Schechter has named Yosef Abramowitz ’78 and Heidi Birnbaum Aaronson ’96 as recipients of the school’s Arnold Zar-Kessler Outstanding Alumni Award. Created in 2014, the alumni award is given in honor of former head of school, Arnold Zar-Kessler, and his 21 years of dedication to and leadership of Solomon Schechter Day School.
Yosef Abramowitz ’78 was selected for being an influential, entrepreneurial, and innovative leader in the field of solar energy. Yossi is President of Gigawatt Global and its Israeli affiliate Energiya Global. He is a 2015 Nobel Prize nominee for Gigawatt Global’s work with the Rwandan solar field project, which now provides 6% of the country’s power. He co-founded the first Israeli solar company, Arava Power, in 2006. CNN named Abramowitz one the top six Green Pioneers Worldwide.

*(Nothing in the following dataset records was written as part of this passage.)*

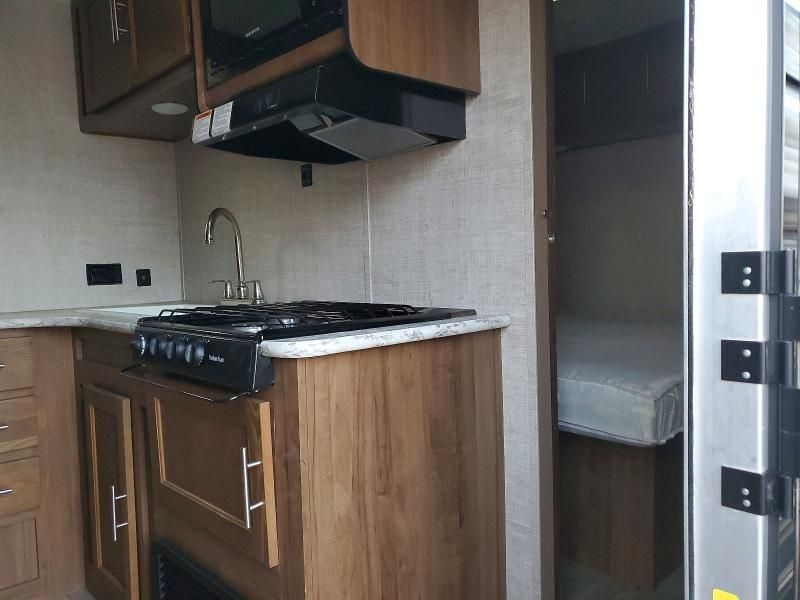 2019 Gulfstream Kingsport-rv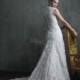 Allure Couture Fall 2014- Style C309 - Elegant Wedding Dresses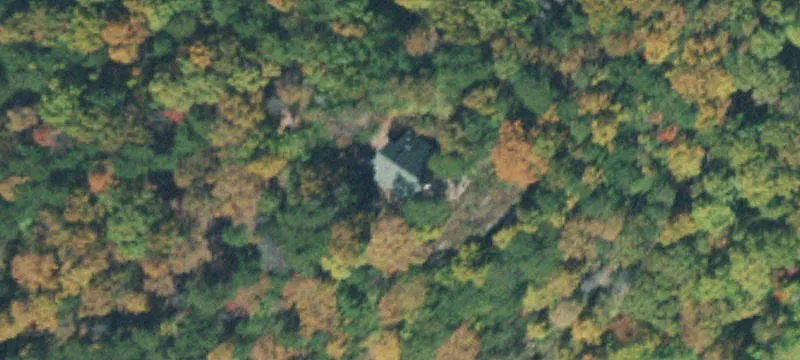 East Tennessee Acreage with Bluff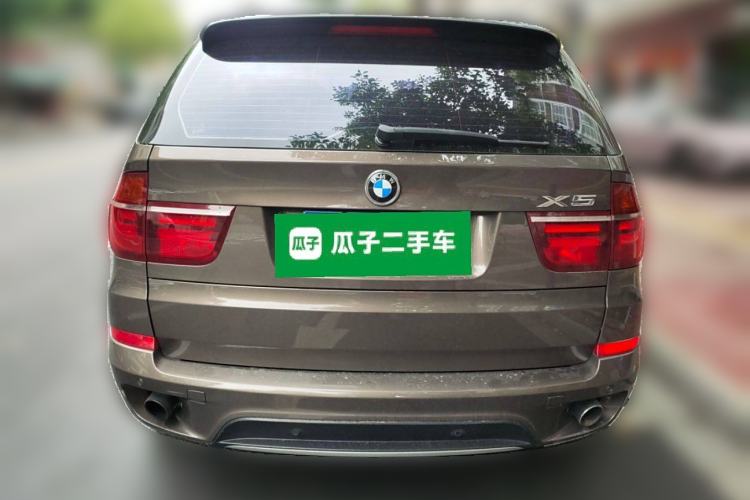 Used BMW X5 2011 xDrive35i Leading Model
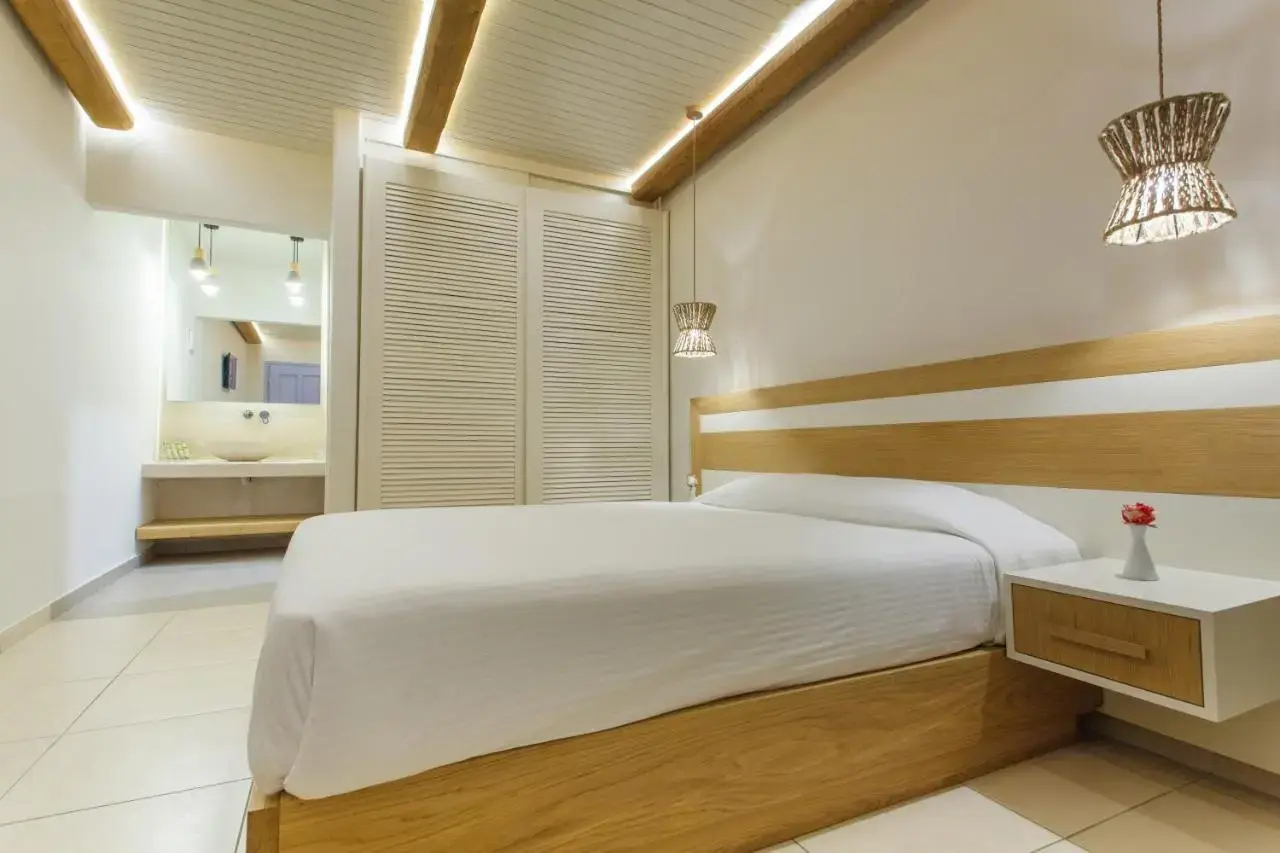 Foto - Aeolos Resort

Heidi Birnbaum Aaronson ’96 was selected for her significant contributions to her dental profession, as well as her community. Heidi organized an annual public health event with the Red Sox – Tooth Day at Fenway – that brings awareness to the dangers of chewing tobacco and the risk of oral cancer. Heidi gives back to her community by providing dental exams and treatments to soldiers who are preparing for active duty and to the Jewish community by participating in a program that provides free dental treatments to Holocaust survivors. Her contributions to the field of dentistry have earned her one of the Massachusetts Dental Society’s top awards, the “Ten Under Ten Award.” Heidi’s brother Daniel Birnbaum ’94 writes, “And while I am certain that she is proud of all of her accomplishments, Heidi’s proudest moment was when she walked her 5-year-old daughter, Abby, to her first day of kindergarten at Schechter, to the very same classroom in which she was a student 28 years ago. As evident from all she has done in her career thus far, Heidi clearly embodies Schechter’s vision and mission.”
The awards were presented at the school’s eighth grade graduation on June 14 at Temple Beth Avodah in Newton, MA. The Arnold Zar-Kessler Outstanding Alumni Award is presented annually to an alumna/us whose life embodies Schechter’s vision and mission. Nominations to the Director of Alumni Relations are due each year by March 15. Click here to read Heidi’s remarks.

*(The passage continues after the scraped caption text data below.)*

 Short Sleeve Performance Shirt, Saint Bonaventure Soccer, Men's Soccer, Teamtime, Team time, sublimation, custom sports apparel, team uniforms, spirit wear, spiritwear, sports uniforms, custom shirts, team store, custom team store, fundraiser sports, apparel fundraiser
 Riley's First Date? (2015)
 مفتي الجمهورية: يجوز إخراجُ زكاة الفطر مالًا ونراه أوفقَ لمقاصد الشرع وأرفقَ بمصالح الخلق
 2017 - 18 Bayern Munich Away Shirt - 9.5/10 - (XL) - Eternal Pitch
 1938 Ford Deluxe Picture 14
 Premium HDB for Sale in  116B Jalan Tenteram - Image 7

Eighth graders took a field trip to Nahant for a hands on marine biology experience. Grades 7 and 8 Science Teacher, Rebecca Edelman shares, “The 8th graders traveled to Northeastern’s Marine Science Center in Nahant. They completed a variety of activities in the field of marine science, including quadrat studies, which involves examining a standard size area and collecting a variety of data for that area. They counted and identified marine life, estimated how much of their quadrat was covered in seaweed, and tested temperature, pH and salinity. This data is used to determine how healthy the area is and how well it is supporting the living organisms in the area. They also performed a mussel dissection. The trip touched upon content covered in their middle school science classes over the years and served as a wrap-up to their time at Schechter.”